# c:\windows\system32\hpzidr12.dll



## Montreal (Dec 5, 2008)

Hi, 
I've recently attempted to install the HP C7280 All-in-One and the following pop-up soon appeared: 
The application or DLL C:\WINDOWS\system32\hpzidr12.dll is not a valid Windows image. Please check this against your installation diskette.
The pop-up's blue bar read:
DeviceI0 Notification Window: hpqtra08.exe - Bad Image

I've searched the web for solutions and a number of software programs offer to scan for free and repair for a fee. This would not have been a problem if it weren't for the various complaints associated to every one of these software programs.

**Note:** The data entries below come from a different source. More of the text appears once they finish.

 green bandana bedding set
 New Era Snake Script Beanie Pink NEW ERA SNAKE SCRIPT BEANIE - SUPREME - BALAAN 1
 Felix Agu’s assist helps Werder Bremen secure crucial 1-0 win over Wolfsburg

To confuse me further it was recommended that I find the correct file and replace it with the one causing me problems.

I understand the dll files are shared by various programs to enable their simultaneous use and avoid the clogging of overlapping and redundant code. 

I don't know where to begin to repair this problem, which appears to have spread as I can no longer access the web through Mozilla. 

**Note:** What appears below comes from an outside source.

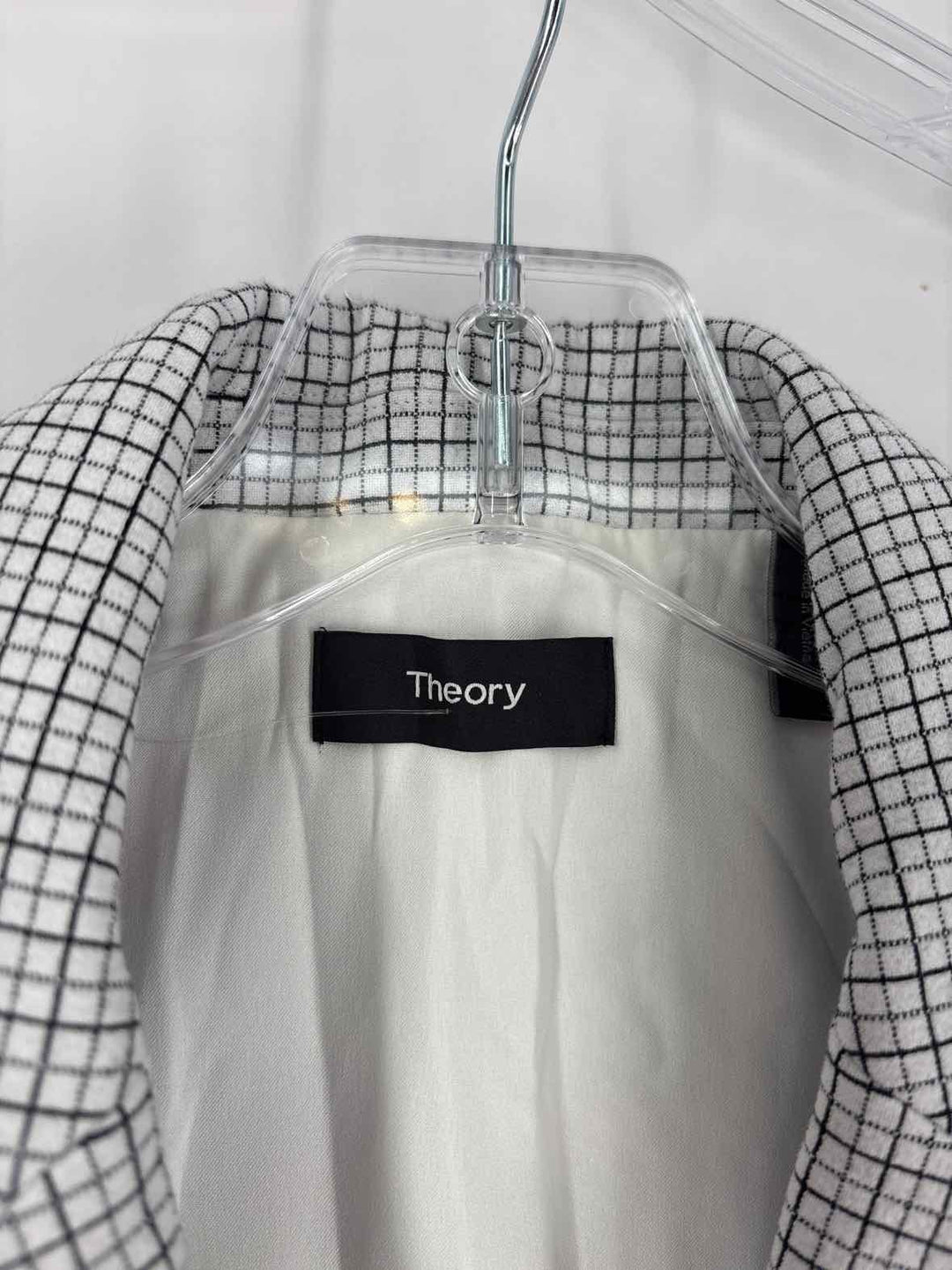 Size 6 THEORY White Print Blazer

I am game to replace the file but I would need some information, where is the correct file and what is the procedure to replace it? Or I am willing to purchase a sotware that will do it for me but would need some recommendations. 

Thank you very much for any suggestions you may have to offer.

Julie


----------



## johnwill (Sep 26, 2002)

I'd just reload the drivers for the printer. That DLL comes with the printer drivers, I happen to have the same printer.


----------